Закономерно же, что Болдинская осень для Пушкина открылась балладой «Бесы», метель, вьюга, свистопляска нечистой силы. Но, впрочем, будь только это, не было бы баллады Пушкина, именно Пушкина, а была бы просто еще одна неплохая романтическая баллада. У Пушкина же — насмешка над бесами. Улыбка превосходства над их потугами запутать жизнь, сбить людей с прямого пути. Все, что написал Пушкин осенью 1830 года в Болдине, этой улыбкой озарено; и насмешка Пушкина над грехом в фильме передана: соблазнитель-ростовщик посрамлен; Дон Гуан оканчивает свою жизнь как-то скандально, провалом; непоколебимого Сальери грызут сомнения. А правота оказывается на стороне тех, кто прост сердцем, ясен умом и тверд духом.

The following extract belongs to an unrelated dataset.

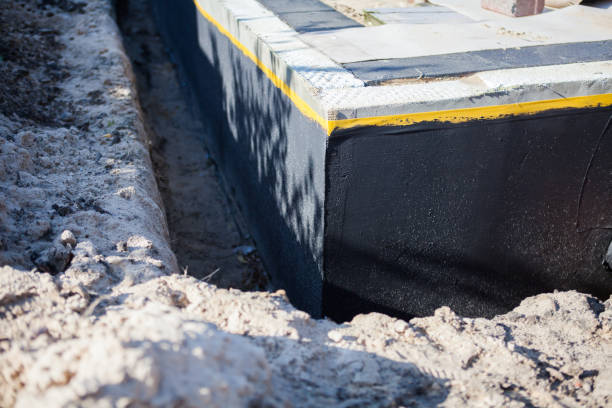 Professional Interior Drainage System technician working in Old Fort, OH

Болдинская осень завершила важнейшую «сюжетную линию» жизни Пушкина: приход его в мир народа. Время, проведенное им взаперти, в селе с каким-то нелепым, неуклюжим названием, привело его к тем, кто чужд интеллектуальных и мистических изысков Мефистофеля, кто бесхитростно пашет, сеет, увиливает от господских распоряжений, в редкие часы досуга пробавляется от дедов и прадедов идущими мифами, жадно им внемля и не сетуя на отсутствие в мире правды. И в селе, неказистое имя которого рано или поздно прославится во всем мире, будущий камер-юнкер Пушкин рассказал несколько притч из истории, на которую он взглянул озабоченным, философски недоумевающим оком собирательного какого-то болдинца.

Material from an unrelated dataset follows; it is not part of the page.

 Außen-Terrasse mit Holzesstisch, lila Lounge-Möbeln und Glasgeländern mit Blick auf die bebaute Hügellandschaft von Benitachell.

Телевизионный фильм, поставленный полтораста лет спустя после пребывания Пушкина в Болдине, передал настроение, замыслы и стилистику запертого в родовом имении поэта. Он приблизил нас к вратам какой-то большущей и светлой тайны, проторил дорогу к ее разгадке. И оказался этот фильм неожиданным, убеждающим, чуть-чуть ироничным и умным.


Я. Варшавский. Из статьи «Есть упоение в бою». Журнал Театр, 1980, №12

Сергей Юрский сыграл роль Импровизатора мастерски. Когда Импровизатор складывает стихи, в этом участвует весь психофизический аппарат актера. Именно таков основной закон биомеханики. Каждое движение артиста Юрского — и это так важно для роли поэта — рождено внутренним посылом, и потому его пластика одухотворена. Он по-настоящему, всем существом своим музыкален, а без этого поэтическую пьесу не сыграешь. В любой новой роли этот артист обнаруживает ее особенный и неповторимый ритм. Не часто встретишь актеров, для которых музыка движения и слова значили бы так много. Герой Юрского музыкален и тогда, когда гитара молчит — музыка пронизывает его личность. Вот почему он сыграл Импровизатора, я бы сказал, неопровержимо.